İsviçre'deki ETH Zürih Üniversitesi’nden bilim insanı Sarah Schoengart liderliğinde yürütülen çalışmada, "karbon ayak izi" kavramından, "iklim sorumluluğu" anlayışına geçilmesi gerektiği vurgulandı. Araştırma, Nature Climate Change dergisinde yayımlandı.
Zenginler, aşırı hava olaylarını katlayarak artırıyor
Çalışmaya göre, dünya genelindeki en zengin %1’lik kesim, sıradan bir bireye kıyasla yüzyılda bir görülen sıcak hava dalgalarına 26 kat, Amazon bölgesindeki kuraklıklara ise 17 kat daha fazla katkıda bulunuyor.
Çin ve ABD'de yaşayan en zengin %10’luk kesimin yarattığı karbon salımları, bu ülkelerdeki aşırı sıcaklık olaylarını 2 ila 3 kat artırmış durumda. Bilim insanları, son 30 yılda fosil yakıt kullanımı ve ormansızlaşmanın, Dünya’nın yüzey sıcaklığını 1,3 derece artırdığına dikkat çekiyor.
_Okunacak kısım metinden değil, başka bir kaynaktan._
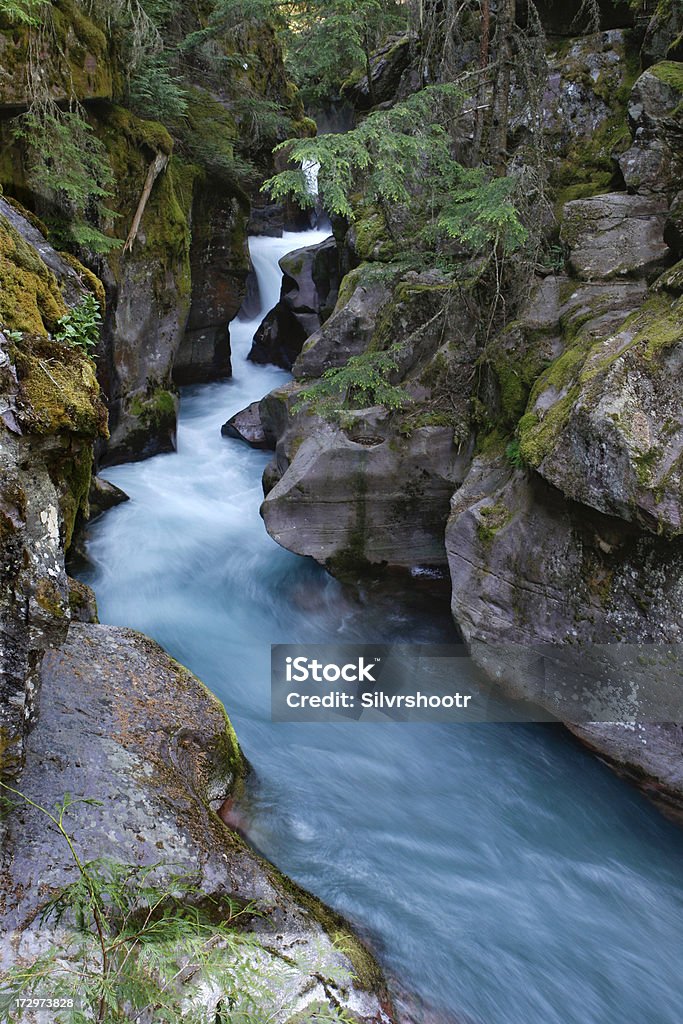 Cataratas Avalanche Falls en el Parque Nacional de los Glaciares - Foto de stock de Aire libre libre de derechos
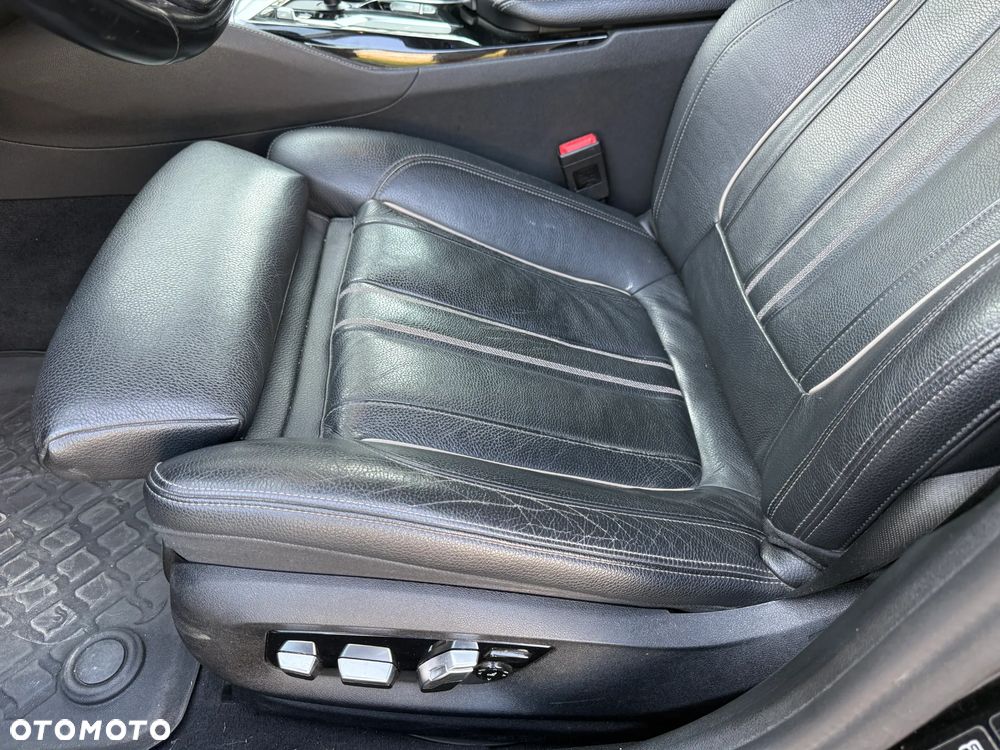 BMW Seria 5 530d xDrive Sport-Aut Luxury Line - 23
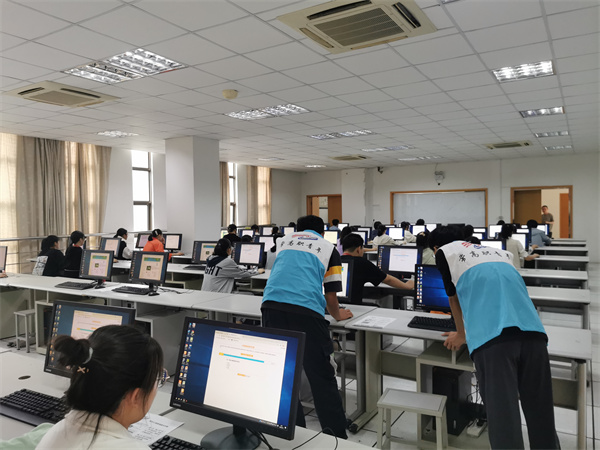 机械工程学院志愿者现场助力_副本.jpg
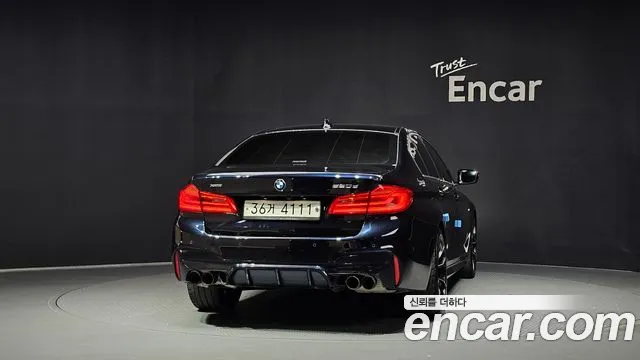 BMW 5-Series 2017 thumb 4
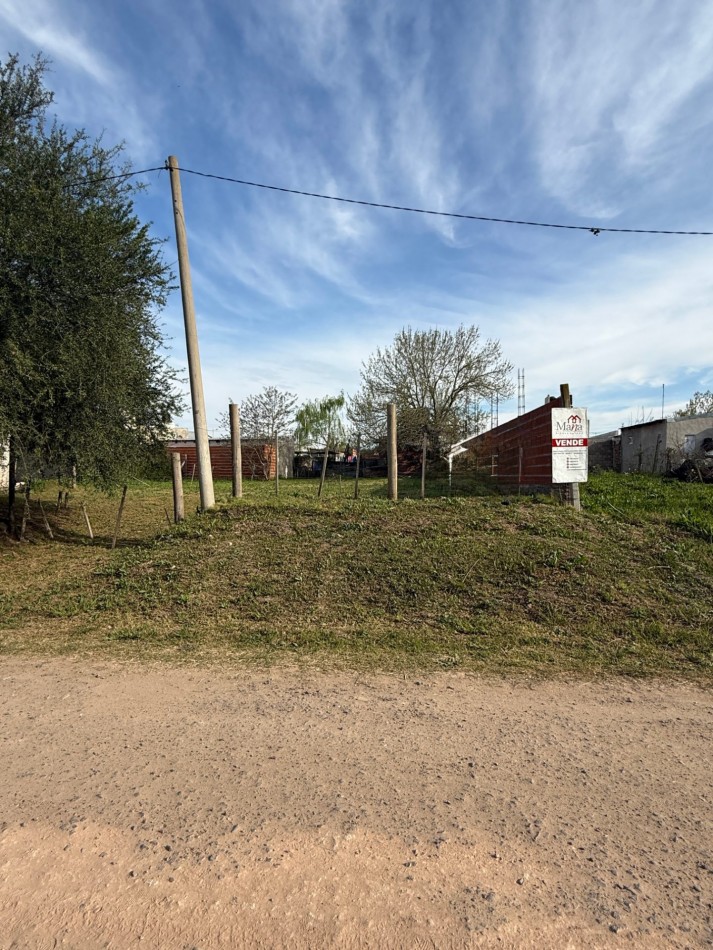Terreno en venta Federacion 1521 y 1523 entre Alsina y Cordoba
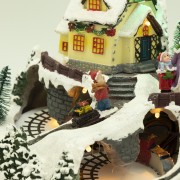 Villaggio di Natale musicale con luci e trenino Domus dettaglio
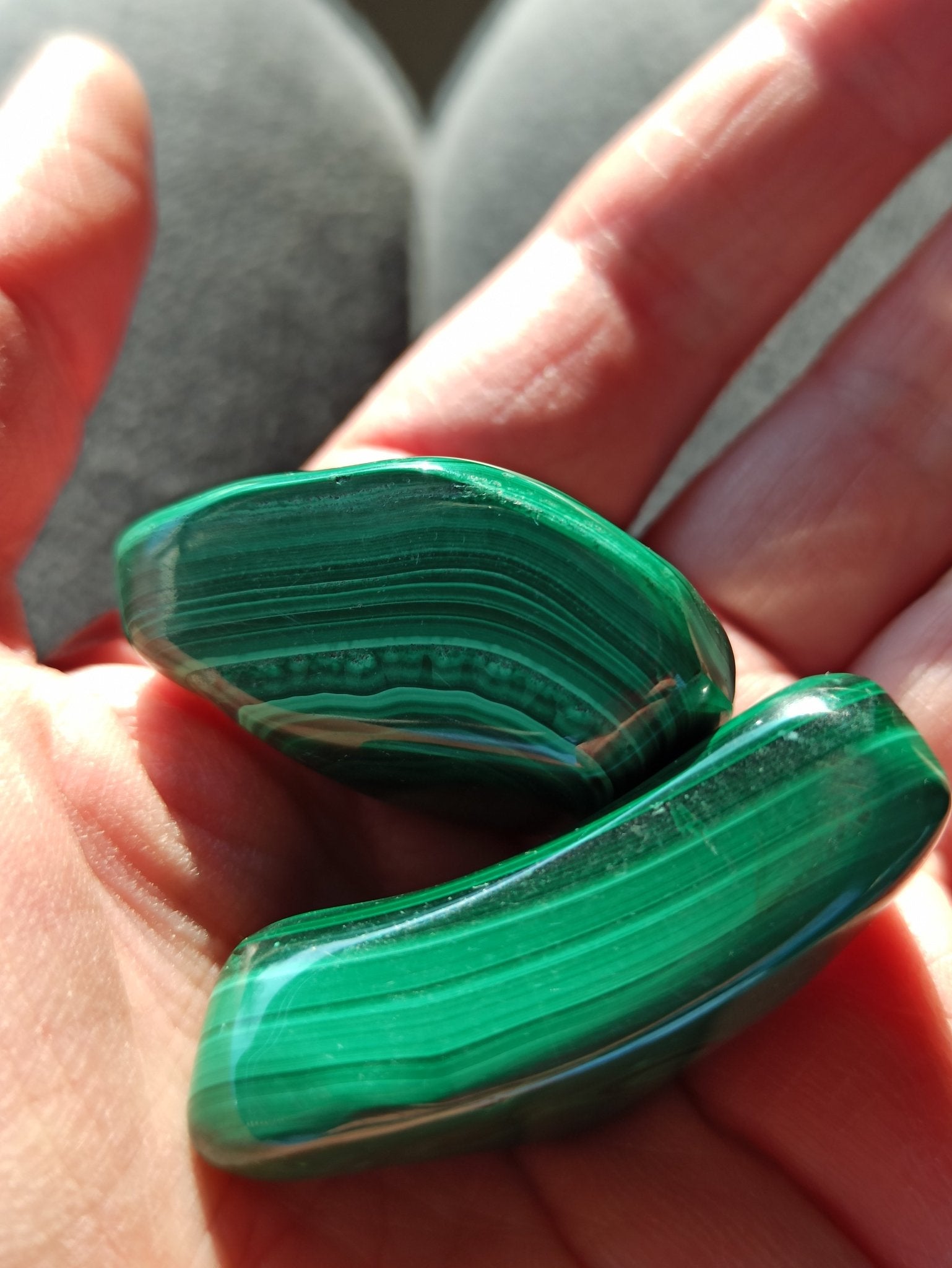 Malachiet trommelstenen – curated crystal by Marga Jacobs | rust, symboliek en intuïtieve zelfzorg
Yalnızca tüketim değil, yatırımlar da etkili
Araştırmacılar, karbon salımının yalnızca kişisel tüketimle değil, aynı zamanda yüksek karbon yoğunluklu finansal yatırımlarla da bağlantılı olduğunu belirtiyor. Schoengart ve ekibi, gelir gruplarına ait ekonomik veriler ile iklim simülasyonlarını birleştirerek, farklı gelir düzeylerinin iklim üzerindeki somut etkilerini modelledi.
Araştırmanın kıdemli yazarlarından Dr. Carl-Friedrich Schleussner, "Toplumun en zengin kesiminin orantısız sorumluluğunu göz ardı eden iklim politikaları, gelecekteki zararları önlemede en etkili araçlardan birini kaçırır," değerlendirmesinde bulundu.
Çözüm önerisi: Servet ve yatırım vergileri
Uzmanlar, çevreye en büyük zararı veren sermaye sahiplerinin, kademeli servet vergileri ve karbon yoğun yatırımlara yönelik mali düzenlemelerle sorumlu tutulabileceğini belirtiyor. Araştırmalara göre, servet ve yatırıma dayalı vergi sistemleri, gelir düzeyi düşük kesimleri daha fazla etkileyen genel karbon vergilerine kıyasla daha adil bir çözüm sunuyor.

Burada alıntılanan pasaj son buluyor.